Jaa


Safety Net

Applies to: Exchange Server 2013

In Microsoft Exchange Server 2013, the primary mechanism of mailbox high availability is the database availability group (DAG). For more information about DAGs, see Managing database availability groups. The transport dumpster was first introduced in Exchange 2007, and was further improved in Exchange 2010 to provide redundant copies of messages after they're successfully delivered to mailboxes in DAGs. In Exchange 2010, the transport dumpster helped protect against data loss by maintaining a queue of successfully delivered messages that hadn't replicated to the passive mailbox database copies in the DAG. When a mailbox database or server failure required the promotion of an out-of-date copy of the mailbox database, the messages in the transport dumpster were automatically resubmitted to the new active copy of the mailbox database.

The transport dumpster has been improved in Exchange 2013 and is now called Safety Net.

Here's how Safety Net is similar to the transport dumpster in Exchange 2010:

  • Safety Net is a queue that's associated with the Transport service on a Mailbox server. This queue stores copies of messages that were successfully processed by the server.

  • You can specify how long Safety Net stores copies of the successfully processed messages before they expire and are automatically deleted. The default is 2 days.

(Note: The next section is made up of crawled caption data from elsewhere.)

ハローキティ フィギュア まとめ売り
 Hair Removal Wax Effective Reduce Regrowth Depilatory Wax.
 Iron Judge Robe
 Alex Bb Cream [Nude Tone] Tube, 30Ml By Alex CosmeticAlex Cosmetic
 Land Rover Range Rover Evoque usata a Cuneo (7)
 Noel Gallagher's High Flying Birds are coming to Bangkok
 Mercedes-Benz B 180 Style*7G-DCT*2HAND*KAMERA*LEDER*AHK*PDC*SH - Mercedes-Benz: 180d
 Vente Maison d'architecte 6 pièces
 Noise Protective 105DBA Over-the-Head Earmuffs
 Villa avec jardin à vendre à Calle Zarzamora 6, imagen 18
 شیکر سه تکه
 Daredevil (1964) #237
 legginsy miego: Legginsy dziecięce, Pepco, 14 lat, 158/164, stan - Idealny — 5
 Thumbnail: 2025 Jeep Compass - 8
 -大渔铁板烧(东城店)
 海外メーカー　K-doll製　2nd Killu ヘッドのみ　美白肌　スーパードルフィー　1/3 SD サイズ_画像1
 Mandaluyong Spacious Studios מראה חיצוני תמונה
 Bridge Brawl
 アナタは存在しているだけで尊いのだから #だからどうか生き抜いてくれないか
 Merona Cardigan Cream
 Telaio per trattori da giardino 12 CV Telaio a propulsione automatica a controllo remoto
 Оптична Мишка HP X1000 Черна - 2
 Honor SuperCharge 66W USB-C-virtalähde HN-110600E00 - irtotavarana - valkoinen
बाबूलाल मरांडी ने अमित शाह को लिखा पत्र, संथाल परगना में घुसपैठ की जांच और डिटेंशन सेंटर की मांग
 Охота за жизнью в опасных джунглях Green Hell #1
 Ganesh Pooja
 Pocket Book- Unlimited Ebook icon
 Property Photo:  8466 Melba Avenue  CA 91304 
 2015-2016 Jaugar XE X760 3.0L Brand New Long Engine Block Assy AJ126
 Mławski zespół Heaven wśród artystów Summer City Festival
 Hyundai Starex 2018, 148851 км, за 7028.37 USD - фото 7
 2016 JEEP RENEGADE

Here's how Safety Net is different in Exchange 2013:

  • Safety Net doesn't require DAGs. For Mailbox servers that don't belong to a DAGs, Safety Net stores copies of the delivered messages on other Mailbox servers in the local Active Directory site.

  • Safety Net itself is now redundant, and is no longer a single point of failure. This introduces the concept of the Primary Safety Net and the Shadow Safety Net. If the Primary Safety Net is unavailable for more than 12 hours, resubmit requests become shadow resubmit requests, and messages are re-delivered from the Shadow Safety Net.

  • Safety Net takes over some responsibility from shadow redundancy in DAG environments. Shadow redundancy doesn't need to keep another copy of the delivered message in a shadow queue while it waits for the delivered message to replicate to the passive copies of mailbox database on the other Mailbox servers in the DAG. The copy of the delivered message is already stored in Safety Net, so the message can be resubmitted from Safety Net if necessary.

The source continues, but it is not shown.